Fig. 3 UV-vis absorption spectra of pure C₃N₄, CZ compositions with varying amounts of ZnS, CZM and CZC obtained by diffuse reflectance method.

To confirm the surface chemical compositions of the prepared heterostructures, X-ray photoelectron spectra (XPS) were recorded. The C 1s spectrum was de-convoluted into five peaks located around 290.4, 288.5, 286.2, 285.3, and 284.6 eV. A less intense peak at 290.4 revealed the presence of sp² C–N, i.e. s-triazine-pyridine-like structure.³⁴ The peak at 288.5 indicated the sp² hybridized carbon bonded to N in C–N–C network^35–37 and the peak at 286.2 was attributed to C–NH₂ species.³⁸ The two peaks at 285.3 and 284.6 eV were assigned to reference carbon i.e. graphitic carbon adsorbed to the surface of sheets³⁹ and pure graphitic sites in graphitic carbon respectively.^40,41 The peak at 284.6 eV could also correspond to adventitious carbon. The N 1s peaks were deconvoluted into three peaks at 399.8, 401.4 and 404.5 and the 399.8 peak corresponded to the bridging nitrogen atoms in N(–C)₃ or nitrogen bonded with hydrogen atoms.^40,42–44 C–N–H groups originating from the defective condensation of melon structures or =NH groups^44–47 were represented by the peak at 401.4 eV. The charging effects or positive charge localization in the heterocycles were indicated by the peak at 404.4 eV.^48,49 A new N 1s peak at 403.5 indicated the formation of N–Zn bonds.³² The Zn 2p spectrum contained a doublet at the binding energy values of 1046.8 and 1023.8 eV and was slightly higher than that expected for Zn 2p (1044.9 and 1021.9 eV values of Zn 2p_1/2 and Zn 2p_3/2 lines respectively). A binding energy difference of 23 eV indicated that Zn ions are in the +2 oxidation state.^50–52 An upward shift of 1.93 eV in the binding energy of Zn 2p was due to the interfacial interaction between ZnS and g-C₃N₄ and formation of N–Zn bonds.^32,53 The peaks at 162.9 and 161.9 showed the S 2p_1/2 and S 2p_3/2 lines of sulphur anions in the lattice of ZnS²³ (Fig. 4).

Fig. 4 XPS spectra of C 1s, N 1s, Zn 2p, and S 2p of CZ14 catalyst.

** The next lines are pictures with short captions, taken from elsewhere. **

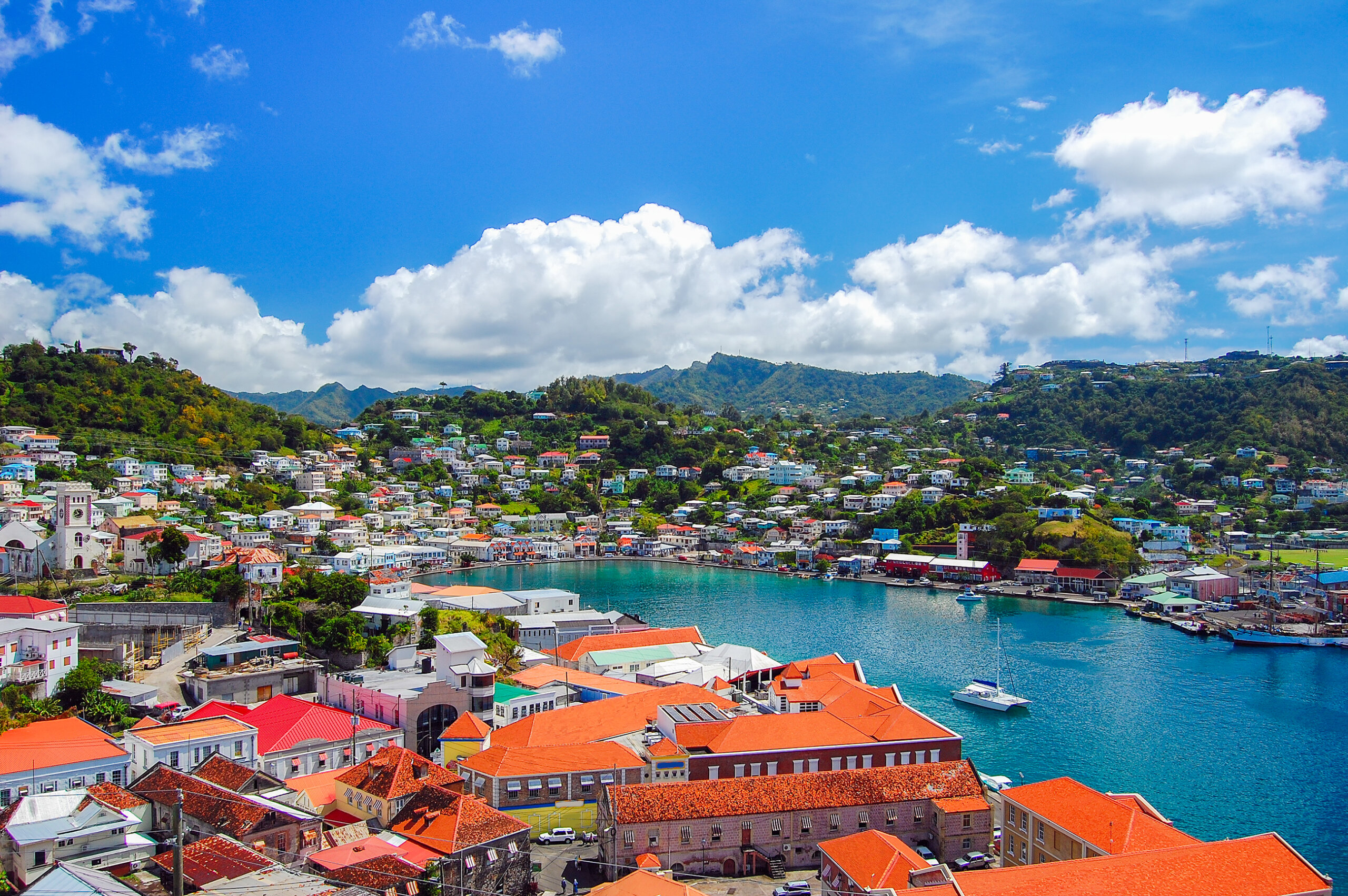 Widok na miasto Saint George, stolica wyspy Grenada, Karaiby regionu Małych Antyli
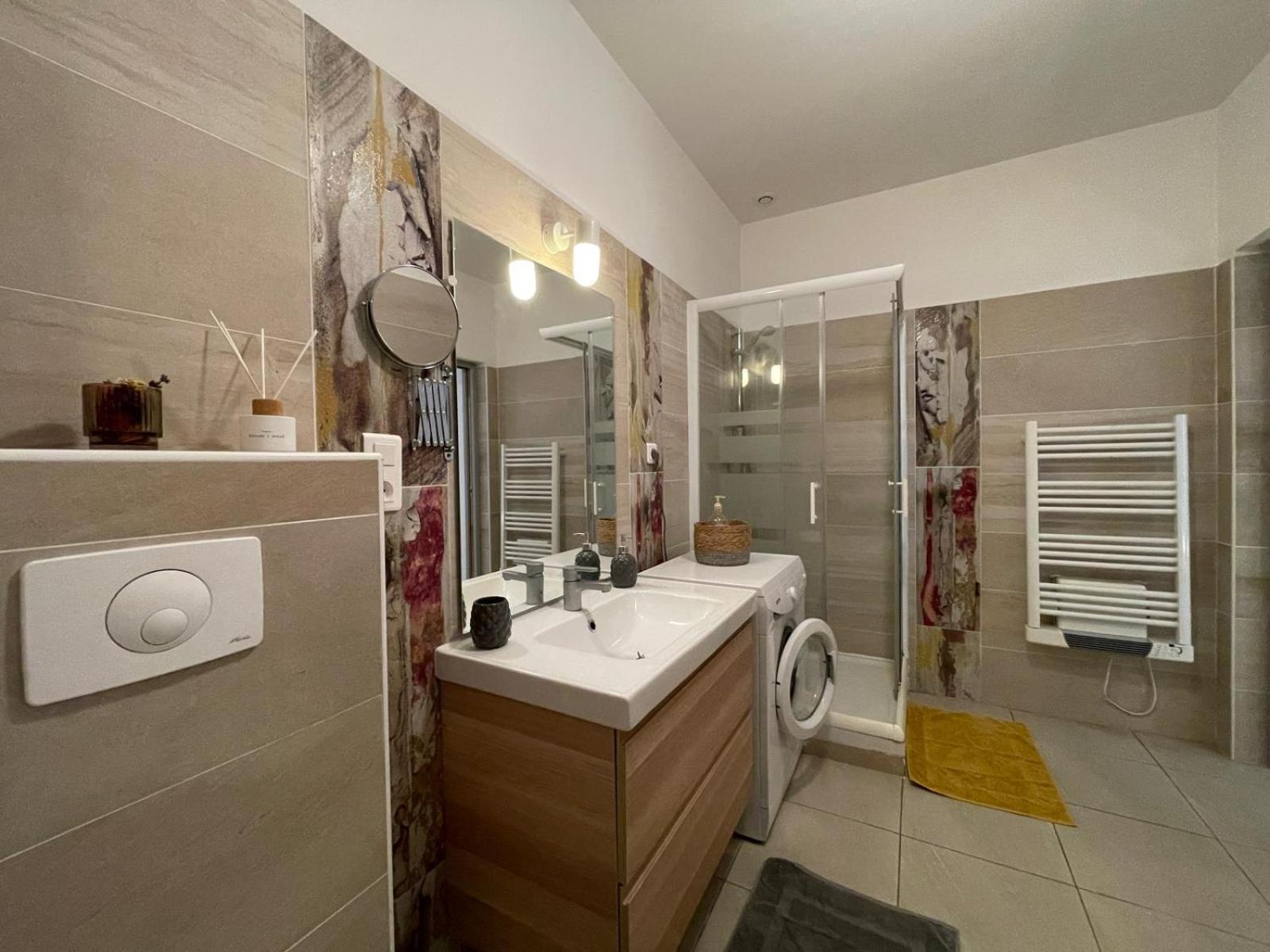 Joli Appartement Hypercentre T2, Classe Meuble De Tourisme 3 Avec Parking Gratuit Beziers Bagian luar foto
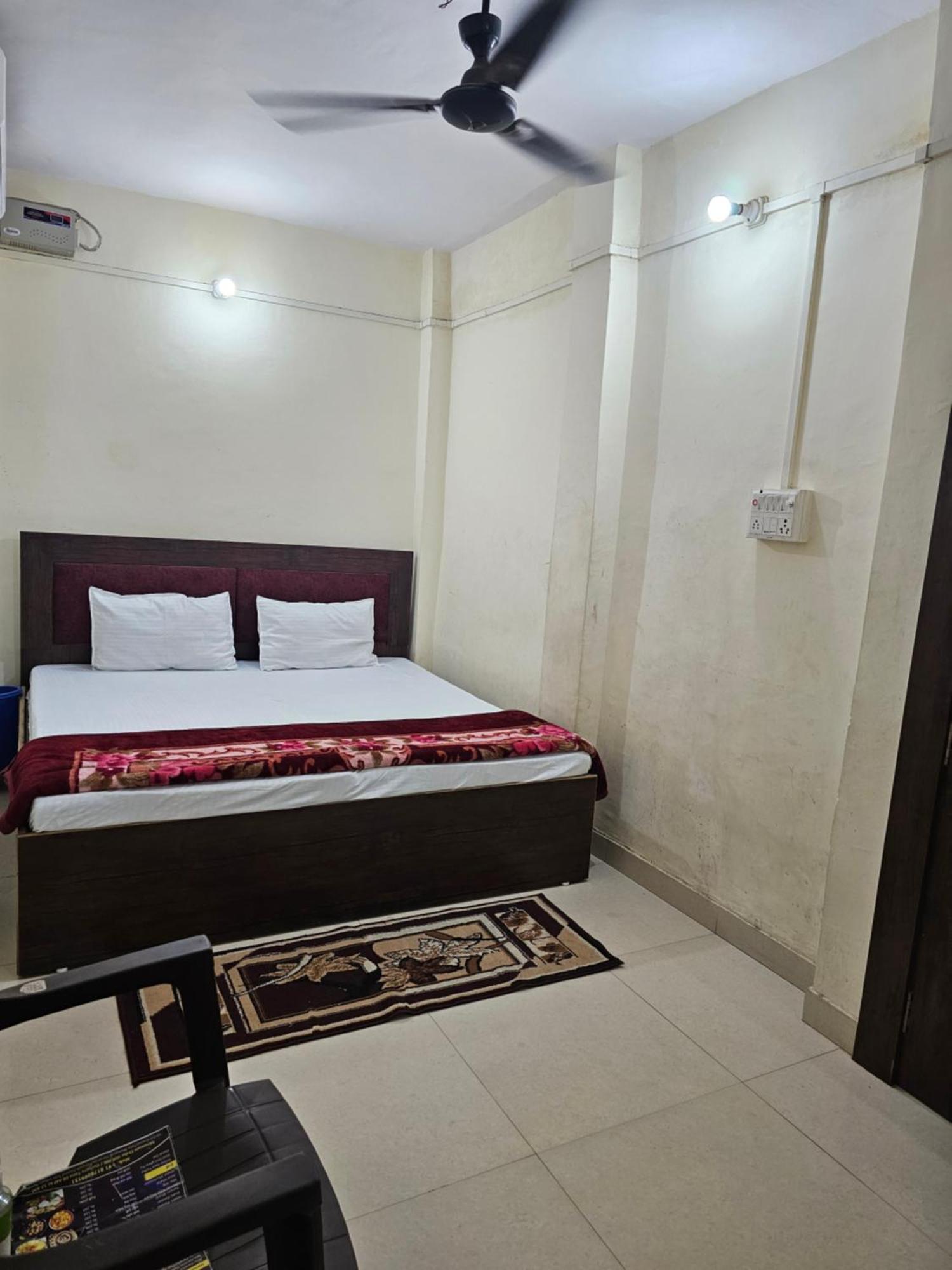 Ramlala Paying Guest House Stay Just 100M From Saryu Ghat, Ayodhya Eksteriør bilde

The morphology and microstructure of the prepared materials were analyzed by TEM (Fig. 5). TEM images confirmed the sheet like morphology, a characteristic feature of graphitized C₃N₄ (Fig. S2a and b†). The present method of simultaneous decomposition facilitated the homogeneous distribution of nanosized ZnS particles along C₃N₄ sheets in compositions containing up to 20 wt% ZnS. TEM studies indicated that the average particle size of the ZnS nanoparticles was 4–7 nm and an increase in ZnS loading in the compositions lead to an increase in the size of the ZnS particles (Fig. S2c and d†). High resolution TEM (HRTEM) micrographs of the C₃N₄–ZnS samples showed more or less spherical morphology of the embedded ZnS nanoparticles (Fig. S4†). The HRTEM micrographs of CZ14 vividly revealed composite interfaces of C₃N₄ and ZnS (Fig. S5†), confirming the heterostructure formation. The effective anchoring of ZnS nanoparticles on C₃N₄ sheets were signified by the lattice fringes (indicated by circles Fig. 6). The lattice fringes spaced by 0.160, 0.308 and 0.189 nm corresponded to the (311), (111) and (220) planes of cubic sphalerite ZnS and were supplementary to the XRD data. The well-defined interfaces between C₃N₄ sheets and ZnS nanoparticles were clearly seen in the HRTEM images and signified strong interaction of ZnS nanoparticles on C₃N₄ sheets. However, due to the indistinct in-plane diffraction (100), it was very difficult to obtain the lattice fringes of C₃N₄ (Fig. 6). EDAX patterns of the samples revealed the elemental compositions (Fig. S3†) of the composite interfaces. Effective heterostructure formation was observed only for compositions containing low concentrations of ZnS. The very low ZnS amounts in CZ11 and CZ5 were not observed in XRD analysis; however EDAX of CZ11 showed the presence of ZnS on the C₃N₄ sheets (Fig. S6†).

Fig. 5 TEM Images of CZ14.

Fig. 6 Lattice fringes of ZnS from HRTEM.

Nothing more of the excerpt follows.